Accumulo 2.x Documentation  >>  Getting started  >>  Accumulo Clients

Accumulo Clients

Creating Client Code

If you are using Maven to create Accumulo client code, add the following dependency to your pom:

<dependency>
  <groupId>org.apache.accumulo</groupId>
  <artifactId>accumulo-core</artifactId>
  <version>2.0.0-alpha-1</version>
</dependency>

When writing code that uses Accumulo, only use the Accumulo Public API. The accumulo-core artifact includes implementation code that falls outside the Public API and should be avoided.

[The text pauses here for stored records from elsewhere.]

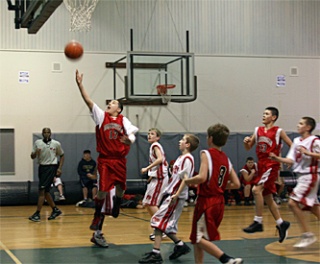 Marysville AAU basketball player Cole Grinde goes for a lay-up.
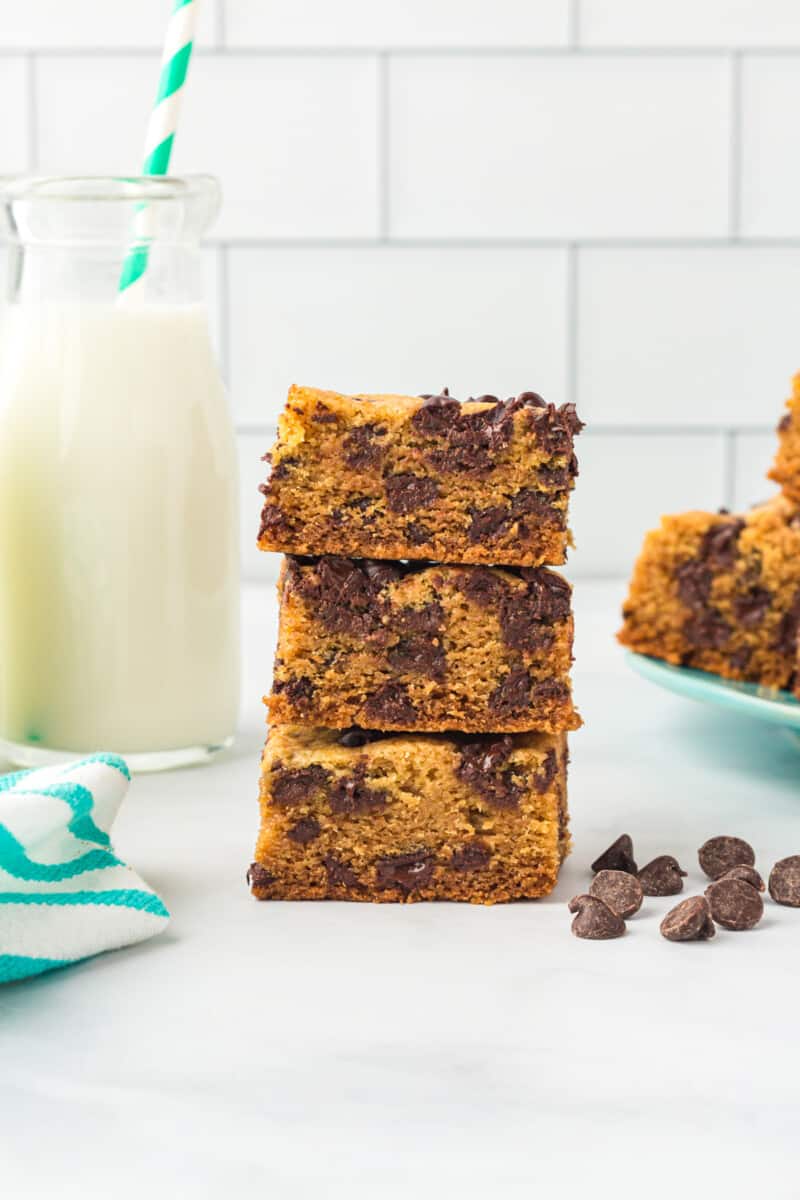 3 chocolate chip cookie bars stacked next to a glass of milk.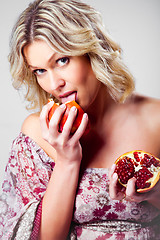 Image showing blonde woman with pomegranate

Creating an Accumulo Client

Before creating an Accumulo client, you will need the following information:

  • Accumulo instance name
  • Zookeeper connection string
  • Accumulo username & password

The AccumuloClient object is the main entry point for Accumulo clients. It can be created using one of the following methods:

  1. Using the accumulo-client.properties file (a template can be found in the conf/ directory of the tarball distribution):
     AccumuloClient client = Accumulo.newClient()
                               .from("/path/to/accumulo-client.properties").build();
    
  2. Using the builder methods of AccumuloClient:
     AccumuloClient client = Accumulo.newClient()
                               .to("myinstance", "zookeeper1,zookeeper2")
                               .as("myuser", "mypassword").build();
    
  3. Using a Java Properties object.
     Properties props = new Properties()
     props.put("instance.name", "myinstance")
     props.put("instance.zookeepers", "zookeeper1,zookeeper2")
     props.put("auth.type", "password")
     props.put("auth.principal", "myuser")
     props.put("auth.token", "mypassword")
     AccumuloClient client = Accumulo.newClient().from(props).build();
    

If an accumulo-client.properties file or a Java Properties object is used to create a AccumuloClient, the following client properties must be set:

  • instance.name - Name of Accumulo instance to connect to
  • instance.zookeepers - ZooKeeper connection information for this Accumulo instance
  • auth.type - Authentication method. Possible values are password, kerberos, or authentication token class (i.e PasswordToken, org.apache.accumulo.core.client.security.tokens.PasswordToken)
  • auth.principal - Accumulo principal/username
  • auth.token - Token associated with auth.type. See table for mapping below:
auth.type expected auth.token example auth.token
password Password string mypassword
kerberos Path to Kerberos keytab /path/to/keytab
Authentication token class Base64 encoded token AAAAGh+LCAAAAAAAAAArTk0uSi0BAOXoolwGAAAA

If a token class is used for auth.type, you can create create a Base64 encoded token using the accumulo create-token command.

$ accumulo create-token
Username (aka principal): root
the password for the principal: ******
auth.type = org.apache.accumulo.core.client.security.tokens.PasswordToken
auth.principal = root
auth.token = AAAAGh+LCAAAAAAAAAArTk0uSi0BAOXoolwGAAAA

Authentication

When creating a AccumuloClient, the user must be authenticated using one of the following implementations of AuthenticationToken below:

  1. PasswordToken is the must commonly used implementation.
  2. CredentialProviderToken leverages the Hadoop CredentialProviders (new in Hadoop 2.6). For example, the CredentialProviderToken can be used in conjunction with a Java KeyStore to alleviate passwords stored in cleartext. When stored in HDFS, a single KeyStore can be used across an entire instance. Be aware that KeyStores stored on the local filesystem must be made available to all nodes in the Accumulo cluster.
  3. KerberosToken can be provided to use the authentication provided by Kerberos. Using Kerberos requires external setup and additional configuration, but provides a single point of authentication through HDFS, YARN and ZooKeeper and allowing for password-less authentication with Accumulo.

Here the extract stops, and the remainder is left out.